Algorithm to find the most significant bit

Question

A friend of mine was asked at an interview the following question: "Given a binary number, find the most significant bit". I immediately thought of the following solution but am not sure if it is correct.

Namely, divide the string into two parts and convert both parts into decimal. If the left-subarray is 0 in decimal then the do binary search in the right subarray, looking for 1.

That is my other question. Is the most significant bit, the left-most 1 in a binary number? Can you show me an example when a 0 is the most significant bit with an example and explanation.

EDIT:

There seems to be a bit of confusion in the answers below so I am updating the question to make it more precise. The interviewer said "you have a website that you receive data from until the most significant bit indicates to stop transmitting data" How would you go about telling the program to stop the data transfer"

Which side the MSB is on depends on whether your CPU architecture is Big-endian or Little-endian. — RBarryYoung, Jun 10 '13 at 15:53
Many platforms for a CountLeadingZero opcode that does this very fast. This is useful for division and log base 2 math. — Michael Dorgan, Jun 10 '13 at 15:53
Example: the number `0`. Also, you need to specify how negative numbers are represented. — rici, Jun 10 '13 at 15:54
thank you guys for the feedback and I don't mean to be disrespectful, but what you said really does not answer my question. Could I ask you to be more specific? Thanks — user2398832, Jun 10 '13 at 15:57
Why a string and decimal and all that? A binary search, and that's what it is basically, for the leftmost bit (please don't call it msb, that refers to the most significant position regardless of whether it is set or unset) is a good solution, but can be implemented much simpler. — harold, Jun 10 '13 at 15:59
@harold, the conversion to decimal is to check whether there is something in the left part of the original string. If the decimal number is larger than 0 then i perform binary search there, looking for the 1 — user2398832, Jun 10 '13 at 16:02
@user2398832 I get that, but you could just use bitmasks and never convert to anything, eg the first step is checking whether `x & 0xFFFF0000` is zero or not (for 32bit x, different mask for other sizes) — harold, Jun 10 '13 at 16:03
Most chipsets have [some sort of instruction](http://en.wikipedia.org/wiki/Find_first_set) to do this. — jason, Jun 10 '13 at 16:12
also see my answer to this question: http://stackoverflow.com/questions/14429661/determine-which-single-bit-in-the-byte-is-set/14429782#14429782 — John Dvorak, Jun 10 '13 at 16:17
If you only want to check if the top bit is set, just do `if(x & 1<<31)` (in case of 32-bit integers) — John Dvorak, Jun 10 '13 at 19:06
Way too complicated.
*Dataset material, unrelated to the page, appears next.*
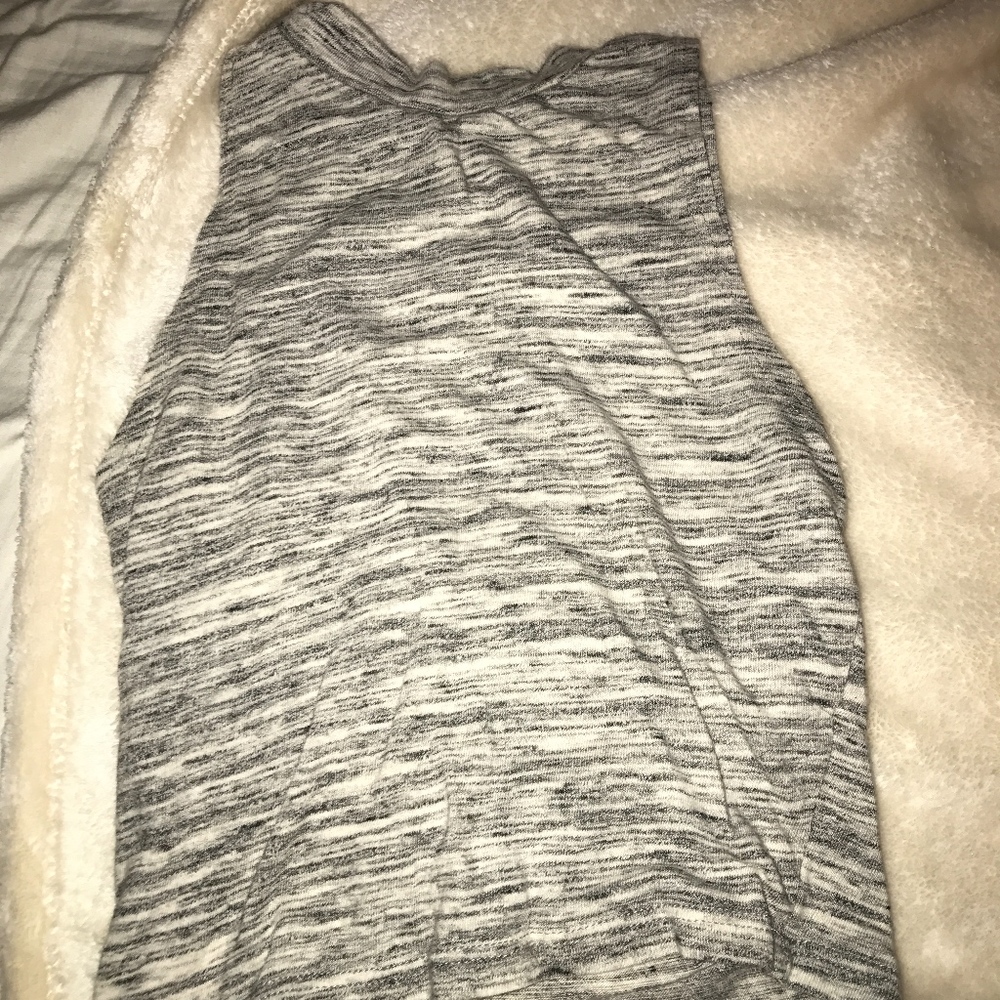 High neck Gray crop top!💁🏼💞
In Java you test whether the most significant bit is set with `if(x < 0) …`. That’s all. — Holger, Nov 20 '13 at 13:15

Denis de Bernardy · Accepted Answer · 2013-06-10T16:18:53.177

13

You could also use bit shifting. Pseudo-code:

number = gets
bitpos = 0
while number != 0
  bitpos++             # increment the bit position
  number = number >> 1 # shift the whole thing to the right once
end
puts bitpos

if the number is zero, bitpos is zero.

edited Jun 10 '13 at 16:18

answered Jun 10 '13 at 15:55

Denis de Bernardy

75,850
13
131
154

You mean `while number != 0`? (I don't think pseudocode should follow C's idiosyncrasies.) – svick Jun 10 '13 at 16:09
@svick 0 = false and non-zero as true predates C i believe – im so confused Jun 10 '13 at 16:11
I don't understand this pseudocode.. Care to explain what lines 3, 5 and 6 represent? – user2398832 Jun 10 '13 at 16:11
1

hahaha guess it's not as universal as I thought then... @user2398832 `#3: while number != 0, #5: shift the number to the right by 1 bit, #6: output bitpos` – im so confused Jun 10 '13 at 16:12
@user2398832: more clear now? – Denis de Bernardy Jun 10 '13 at 16:20
Am reading about right shifting at the moment. Trying to figure out what it is and why you used it here. – user2398832 Jun 10 '13 at 16:21
@user2398832: right shifting turns e.g. `0b00010001` to `0b000010000`, then `0b000001000`, etc. At some point, you'll get `0b00000001` and finally `0b00000000`, which stops the while loop. – Denis de Bernardy Jun 10 '13 at 16:23
Thank you Dennis, makes sense now! This is a linear time complexity though. Why would my approach work though? – user2398832 Jun 10 '13 at 16:28
Edited the question. Please read the question. – user2398832 Jun 10 '13 at 16:32

score 13 · Answer 2 · edited Nov 28 '16 at 13:04

Finding the most significant bit in a word (i.e. calculating log2 with rounding down) by using only C-like language instructions can be done by using a rather well-known method based on De Bruijn sequences. For example, for a 32-bit value

unsigned ulog2(uint32_t v)
{ /* Evaluates [log2 v] */
  static const unsigned MUL_DE_BRUIJN_BIT[] = 
  {
     0,  9,  1, 10, 13, 21,  2, 29, 11, 14, 16, 18, 22, 25,  3, 30,
     8, 12, 20, 28, 15, 17, 24,  7, 19, 27, 23,  6, 26,  5,  4, 31
  };

  v |= v >> 1;
  v |= v >> 2;
  v |= v >> 4;
  v |= v >> 8;
  v |= v >> 16;

  return MUL_DE_BRUIJN_BIT[(v * 0x07C4ACDDu) >> 27];
}

However, in practice more simple methods (like unrolled binary search) usually work just as well or better.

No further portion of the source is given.